- [WHAT THIS TASK INVOLVES] Nothing outside the range is to be copied. From the entries below, reproduce exactly the lines starting at the one with "Peary's sledge party" and ending at the one with "A ribbed glass", without pictures.

- [RECORDS SUPPLIED]
+ + +

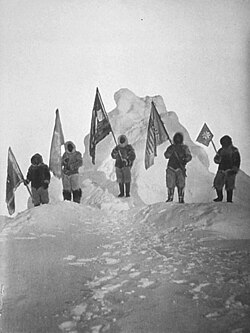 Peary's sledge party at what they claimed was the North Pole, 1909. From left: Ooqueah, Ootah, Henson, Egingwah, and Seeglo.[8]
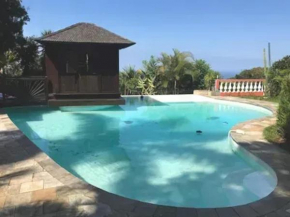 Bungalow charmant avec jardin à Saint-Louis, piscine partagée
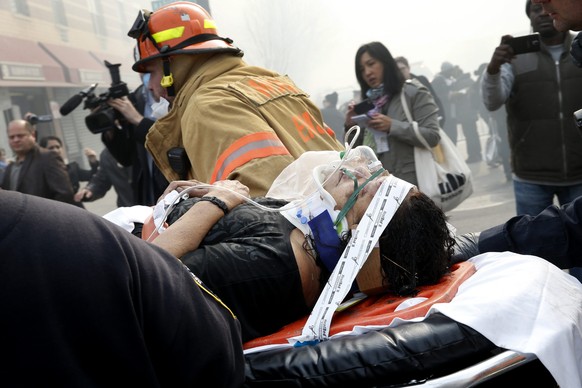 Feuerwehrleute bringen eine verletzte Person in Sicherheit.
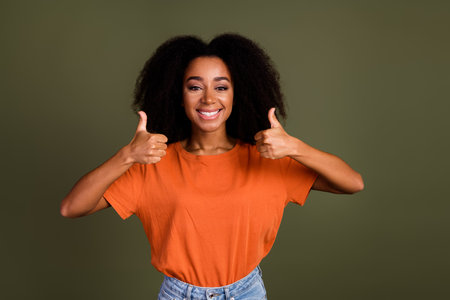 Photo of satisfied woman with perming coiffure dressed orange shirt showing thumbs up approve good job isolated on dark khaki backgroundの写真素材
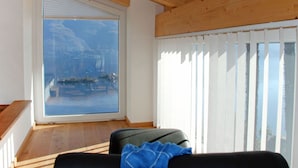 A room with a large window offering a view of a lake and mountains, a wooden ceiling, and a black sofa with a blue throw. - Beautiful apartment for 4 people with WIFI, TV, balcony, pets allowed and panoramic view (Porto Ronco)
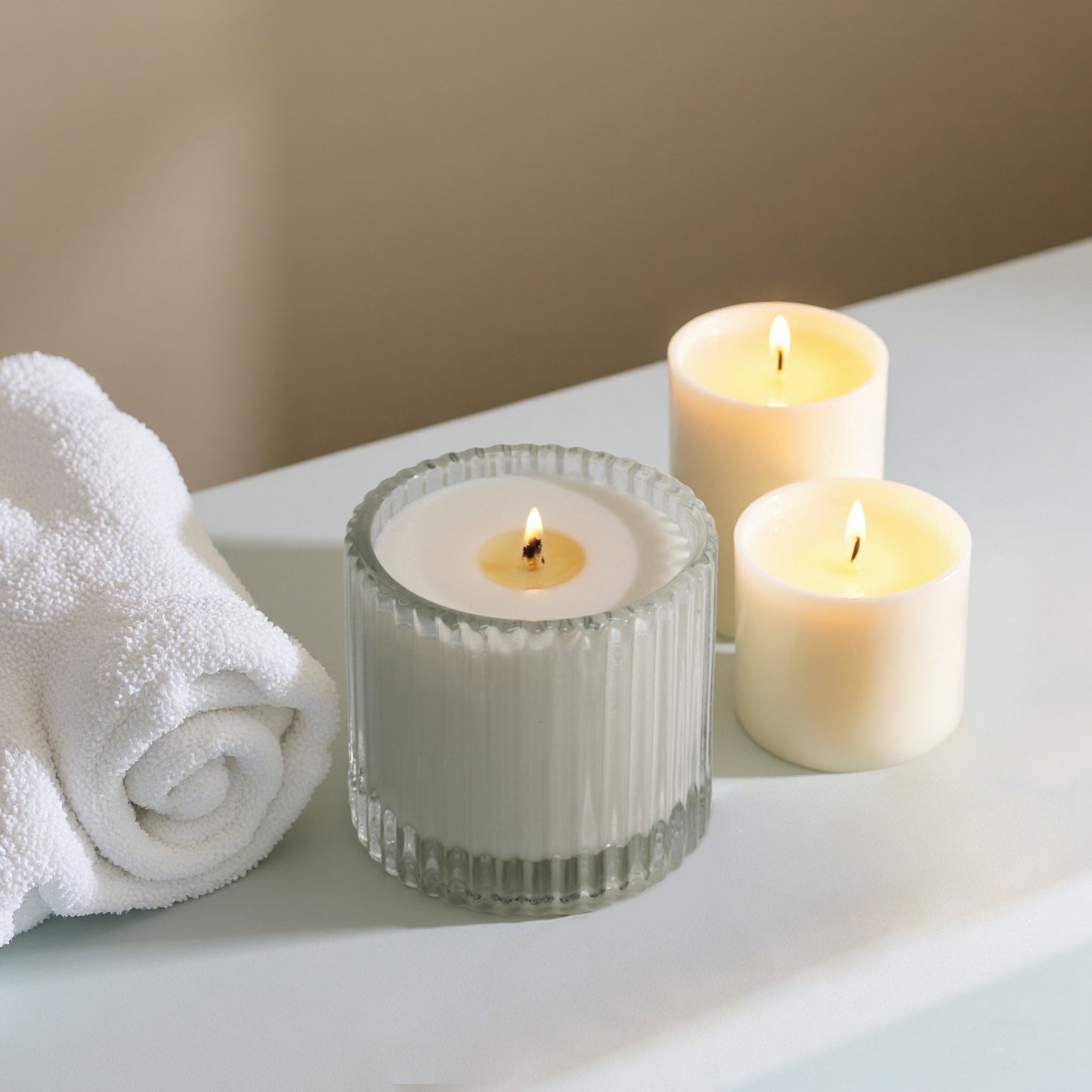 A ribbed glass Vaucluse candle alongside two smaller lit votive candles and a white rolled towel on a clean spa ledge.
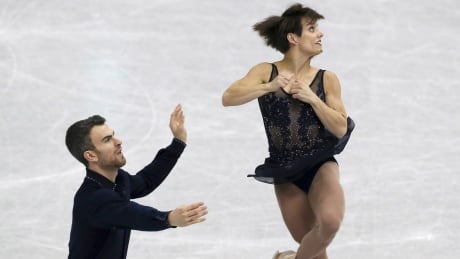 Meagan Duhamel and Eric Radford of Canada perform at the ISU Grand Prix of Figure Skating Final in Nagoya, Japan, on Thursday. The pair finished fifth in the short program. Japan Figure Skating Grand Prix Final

+ + +

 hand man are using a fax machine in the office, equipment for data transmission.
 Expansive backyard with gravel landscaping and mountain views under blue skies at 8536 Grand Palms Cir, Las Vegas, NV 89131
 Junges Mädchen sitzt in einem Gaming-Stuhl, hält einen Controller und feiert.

+ + +

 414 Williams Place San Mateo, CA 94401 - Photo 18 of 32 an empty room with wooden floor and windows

+ + +

- [EXERCISE RESPONSE]
 Peary's sledge party at what they claimed was the North Pole, 1909. From left: Ooqueah, Ootah, Henson, Egingwah, and Seeglo.[8]
 Bungalow charmant avec jardin à Saint-Louis, piscine partagée
 Feuerwehrleute bringen eine verletzte Person in Sicherheit.
 Photo of satisfied woman with perming coiffure dressed orange shirt showing thumbs up approve good job isolated on dark khaki backgroundの写真素材
 A room with a large window offering a view of a lake and mountains, a wooden ceiling, and a black sofa with a blue throw. - Beautiful apartment for 4 people with WIFI, TV, balcony, pets allowed and panoramic view (Porto Ronco)
 A ribbed glass Vaucluse candle alongside two smaller lit votive candles and a white rolled towel on a clean spa ledge.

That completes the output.